'''
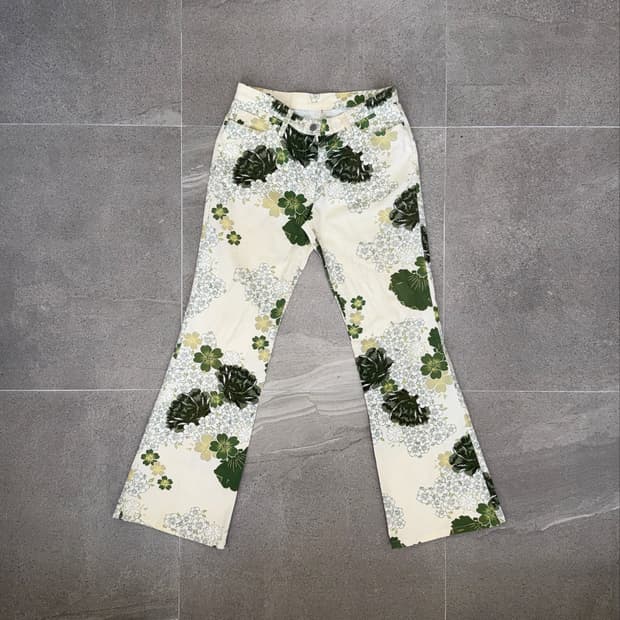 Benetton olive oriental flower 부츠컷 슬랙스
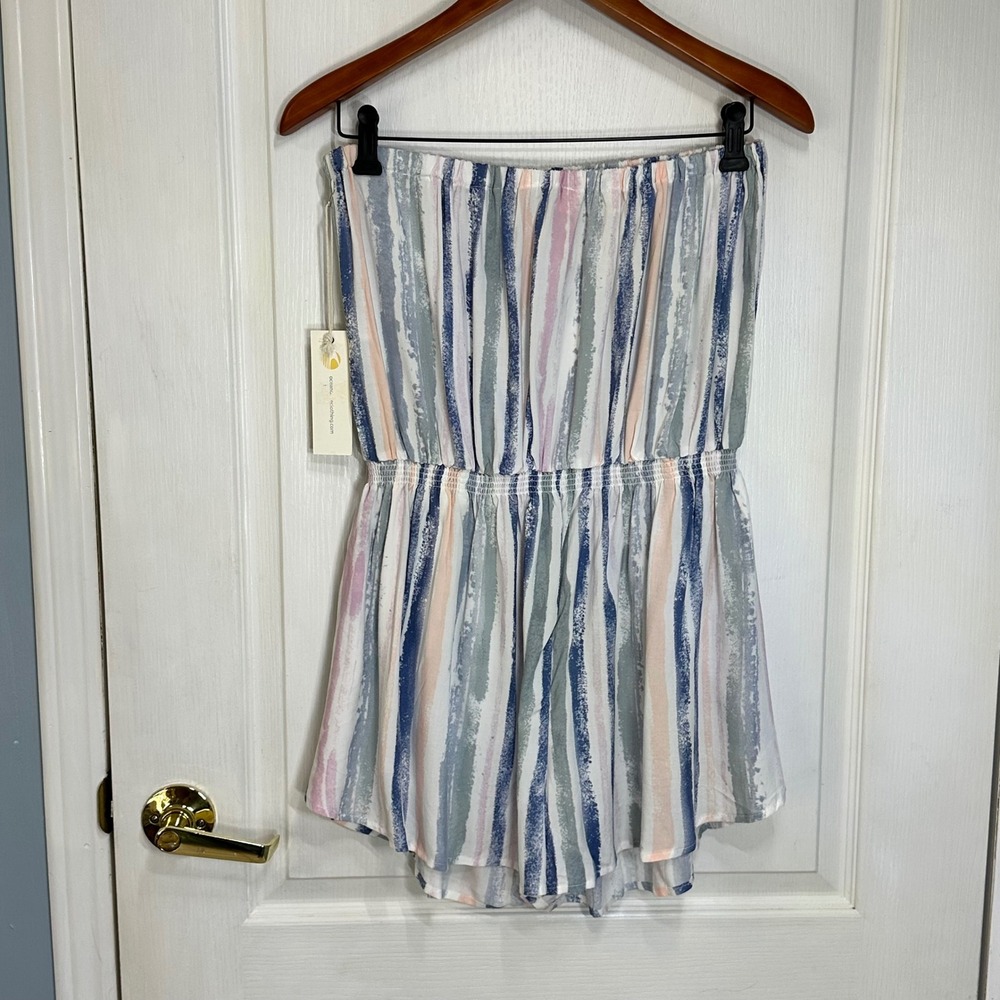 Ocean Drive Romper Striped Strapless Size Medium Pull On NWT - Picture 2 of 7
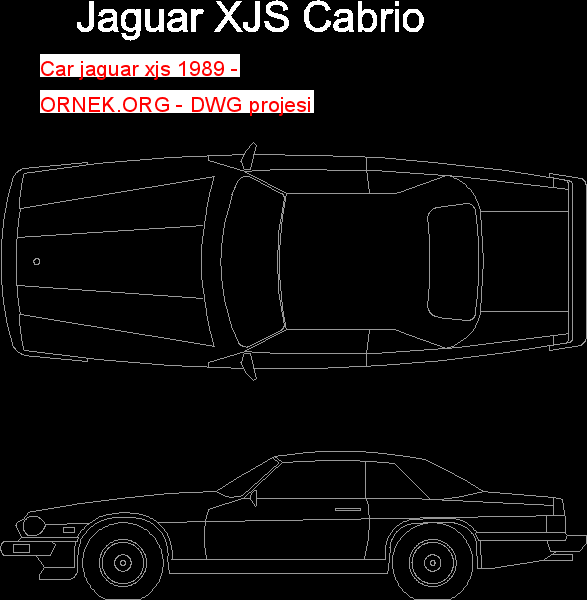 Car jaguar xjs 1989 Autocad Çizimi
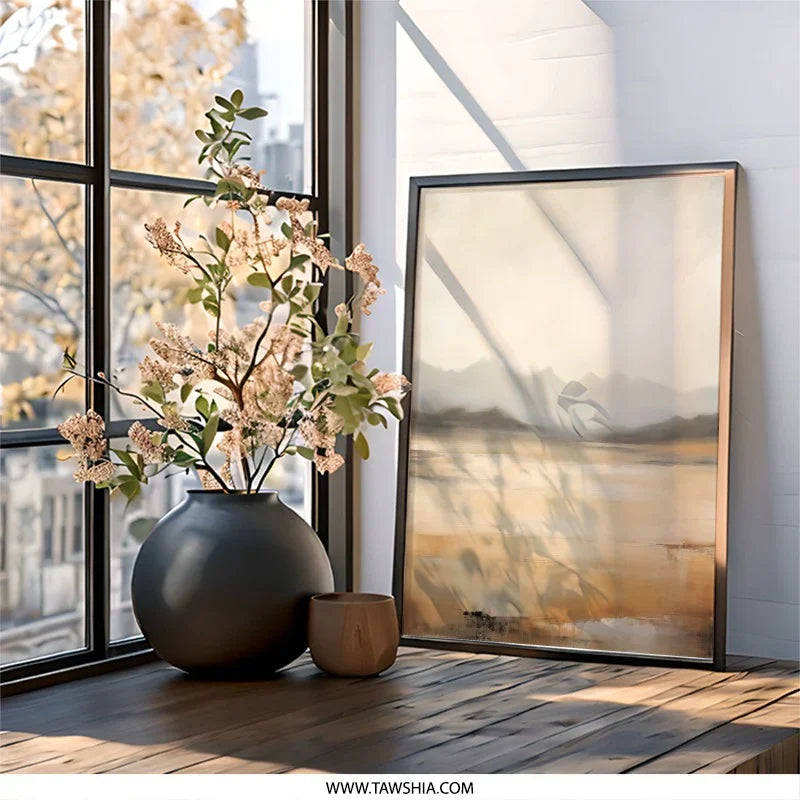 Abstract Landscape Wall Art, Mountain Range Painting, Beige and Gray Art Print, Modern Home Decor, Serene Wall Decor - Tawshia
'''
• [YOUR GOAL]:
Transcribe the listing exactly, skipping pictures.

• [ANSWER SPACE]:
 Benetton olive oriental flower 부츠컷 슬랙스
 Ocean Drive Romper Striped Strapless Size Medium Pull On NWT - Picture 2 of 7
 Car jaguar xjs 1989 Autocad Çizimi
 Abstract Landscape Wall Art, Mountain Range Painting, Beige and Gray Art Print, Modern Home Decor, Serene Wall Decor - Tawshia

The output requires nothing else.